もちろん蓄電池単体でも非常に役立ちます。深夜電力など特定の時間帯に電気料金が安くなるプランを契約している場合や停電対策として導入したい場合、蓄電池はオススメといえます。何故なら、電気料金が安い時間帯に蓄電池へ電力を貯めることで、高額な時間帯での電気使用を回避できるからです。

売電報酬を目的としている

2つ目は「売電報酬を目的としている」ケースです。

太陽光発電購入を検討中の方には、蓄電池を設置すれば売電収入が高くなると考えている方がいるかもしれません。しかし、蓄電池を設置しただけでは発電量自体は変わりません。

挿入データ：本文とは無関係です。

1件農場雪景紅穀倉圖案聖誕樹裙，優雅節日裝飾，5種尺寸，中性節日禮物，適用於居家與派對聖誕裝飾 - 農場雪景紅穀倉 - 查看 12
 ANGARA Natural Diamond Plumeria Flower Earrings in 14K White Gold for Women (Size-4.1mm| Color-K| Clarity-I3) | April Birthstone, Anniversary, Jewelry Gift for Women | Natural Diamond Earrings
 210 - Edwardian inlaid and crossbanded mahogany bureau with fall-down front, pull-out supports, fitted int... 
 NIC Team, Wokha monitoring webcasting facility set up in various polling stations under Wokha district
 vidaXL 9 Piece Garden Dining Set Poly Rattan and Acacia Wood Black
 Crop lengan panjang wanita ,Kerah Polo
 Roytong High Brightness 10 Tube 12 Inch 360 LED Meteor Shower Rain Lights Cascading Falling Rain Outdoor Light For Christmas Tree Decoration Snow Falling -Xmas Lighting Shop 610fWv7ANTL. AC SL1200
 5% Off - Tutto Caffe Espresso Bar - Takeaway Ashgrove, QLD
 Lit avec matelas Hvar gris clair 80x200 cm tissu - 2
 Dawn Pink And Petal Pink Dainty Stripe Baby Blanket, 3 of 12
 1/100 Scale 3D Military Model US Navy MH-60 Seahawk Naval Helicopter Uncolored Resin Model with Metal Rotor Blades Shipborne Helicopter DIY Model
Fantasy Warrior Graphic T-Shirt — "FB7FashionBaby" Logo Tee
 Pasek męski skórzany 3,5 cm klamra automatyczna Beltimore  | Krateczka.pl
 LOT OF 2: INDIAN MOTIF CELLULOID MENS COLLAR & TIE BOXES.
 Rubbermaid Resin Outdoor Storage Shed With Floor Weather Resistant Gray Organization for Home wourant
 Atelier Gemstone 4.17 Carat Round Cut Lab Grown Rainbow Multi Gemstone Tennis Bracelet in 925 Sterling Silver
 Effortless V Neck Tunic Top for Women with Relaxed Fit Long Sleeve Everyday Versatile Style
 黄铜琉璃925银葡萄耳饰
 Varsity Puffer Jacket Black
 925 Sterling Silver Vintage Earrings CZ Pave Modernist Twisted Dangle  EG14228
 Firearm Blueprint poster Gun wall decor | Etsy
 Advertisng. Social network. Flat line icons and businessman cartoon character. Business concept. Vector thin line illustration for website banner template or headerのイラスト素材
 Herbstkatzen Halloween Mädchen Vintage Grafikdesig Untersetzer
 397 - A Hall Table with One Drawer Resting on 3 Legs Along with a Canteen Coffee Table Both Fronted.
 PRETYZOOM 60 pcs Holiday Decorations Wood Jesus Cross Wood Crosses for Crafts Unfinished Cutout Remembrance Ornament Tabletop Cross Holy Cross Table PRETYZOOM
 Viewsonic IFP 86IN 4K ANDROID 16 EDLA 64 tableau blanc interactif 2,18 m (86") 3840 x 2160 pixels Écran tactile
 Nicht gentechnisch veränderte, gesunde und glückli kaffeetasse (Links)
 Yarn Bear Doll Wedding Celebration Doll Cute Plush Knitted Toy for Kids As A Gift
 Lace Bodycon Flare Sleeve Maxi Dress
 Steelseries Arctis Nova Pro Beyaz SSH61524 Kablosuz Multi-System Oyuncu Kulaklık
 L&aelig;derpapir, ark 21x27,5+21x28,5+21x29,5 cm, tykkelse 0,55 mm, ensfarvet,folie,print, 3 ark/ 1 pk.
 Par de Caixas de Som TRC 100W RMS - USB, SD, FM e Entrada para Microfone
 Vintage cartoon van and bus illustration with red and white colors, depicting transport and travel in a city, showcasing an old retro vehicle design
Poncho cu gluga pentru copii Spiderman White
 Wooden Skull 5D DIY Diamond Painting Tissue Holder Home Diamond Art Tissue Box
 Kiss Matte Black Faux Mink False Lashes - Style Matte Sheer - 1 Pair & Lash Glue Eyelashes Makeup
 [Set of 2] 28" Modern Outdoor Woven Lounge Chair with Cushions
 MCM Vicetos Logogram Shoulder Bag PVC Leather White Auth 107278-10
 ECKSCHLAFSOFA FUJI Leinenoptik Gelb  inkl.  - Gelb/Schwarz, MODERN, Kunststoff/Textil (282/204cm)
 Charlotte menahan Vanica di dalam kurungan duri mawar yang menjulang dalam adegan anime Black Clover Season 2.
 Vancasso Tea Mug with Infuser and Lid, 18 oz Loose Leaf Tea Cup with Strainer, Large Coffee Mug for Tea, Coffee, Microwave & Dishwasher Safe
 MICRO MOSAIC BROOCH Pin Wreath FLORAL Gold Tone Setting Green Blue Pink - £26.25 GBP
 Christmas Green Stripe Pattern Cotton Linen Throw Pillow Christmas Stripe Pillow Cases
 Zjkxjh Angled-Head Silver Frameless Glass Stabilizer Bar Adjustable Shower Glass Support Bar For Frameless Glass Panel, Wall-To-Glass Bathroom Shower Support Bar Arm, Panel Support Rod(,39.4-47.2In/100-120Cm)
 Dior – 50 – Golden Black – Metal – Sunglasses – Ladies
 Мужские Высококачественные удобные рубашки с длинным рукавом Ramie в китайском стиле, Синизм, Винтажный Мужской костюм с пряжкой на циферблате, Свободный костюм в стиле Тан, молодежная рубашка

また、2021年以降は売電よりも自家消費した方がお得とされています。
2021年の家庭向け電気料金プランの平均単価は25円/kWhであり、FITの売電単価は19円/kWh、卒FIT後の売電価格は10円前後と明らかに電気料金単価の方が高いです。そのため、家庭内で発電した電気を使う方が安く電気を使えます。

蓄電池にUPS機能があると勘違いしている

3つ目は「蓄電池にUPS機能があると勘違いしている」ケースです。

蓄電池はUPSの上位互換であり、UPS機能があると勘違いしている人もいるかもしれません。
停電などで電力供給が途切れた場合、蓄電池だけでは切り替わるまで一瞬の間が生まれるため、その隙にPCなどの電源が切れて強制終了となってしまいます。
UPSはあらかじめ接続しておき、電力を数十分ほど供給してくれます。その間にPCのデータなどを保存したり、安全にシャットダウンするなどの時間稼ぎという役割を担っています。

蓄電池とUPSの違い
蓄電池停電時でもPCや家電などを数時間以上利用できる
UPSPCなどを安全にシャットダウンするまでの時間を稼ぐもの

蓄電池を導入するタイミング

蓄電池を導入するタイミングは以下の通りです。

太陽光発電を設置する時

蓄電池を導入するタイミングは太陽光発電を設置する時です。
太陽光発電と蓄電池を同時に設置する場合、それぞれのパワーコンディショナーが必要となります。メーカーによって違いますが、パワーコンディショナーは約20~30万円程度です。ハイブリッド型蓄電池を購入すれば、パワーコンディショナーは1つで済みますので、その分設置する費用を抑えることができます。

太陽光発電のパワーコンディショナーの交換時期

太陽光発電のパワーコンディショナーの寿命はメーカーによって違いますが、約10年~15年ぐらいです。既に太陽光発電を設置してから10年以上経っている場合、ハイブリッド型蓄電池を導入すれば新たに太陽光発電用のパワーコンディショナーを買う必要が無くなります。

まとめ

蓄電池を今買うべきかどうかを解説してきました。以下、まとめになります。

・蓄電池の販売台数が伸び続けている理由は防災への備えの意識の高まりと蓄電池本体価格が年々安くなってきているから
・太陽光発電と蓄電池の組み合わせは自家消費で電気代節約ができ、ダブル発電で売電収入を増加させる
・蓄電池を買うタイミングは太陽光発電を購入する時か、既存の太陽光発電のパワコン交換時期

電気代が高騰し続ける中、太陽光発電と蓄電池を組み合わせれば自家消費・ダブル発電でお得に乗り越えることができます。蓄電池だけでも夜間の安い電気代を貯めて、電気代の高い日中に使うことで節約することができます。
日本は災害大国ですので、いつ災害による長期停電が発生するかわかりません。蓄電池があれば数日間、自宅や車の中で過ごすことができますので、避難所生活で新型コロナウイスルにかかる可能性は低くなります。
そう考えると、蓄電池を買うべきタイミングは「今」です。ぜひこの機会に蓄電池購入を検討してみてはいかがでしょうか。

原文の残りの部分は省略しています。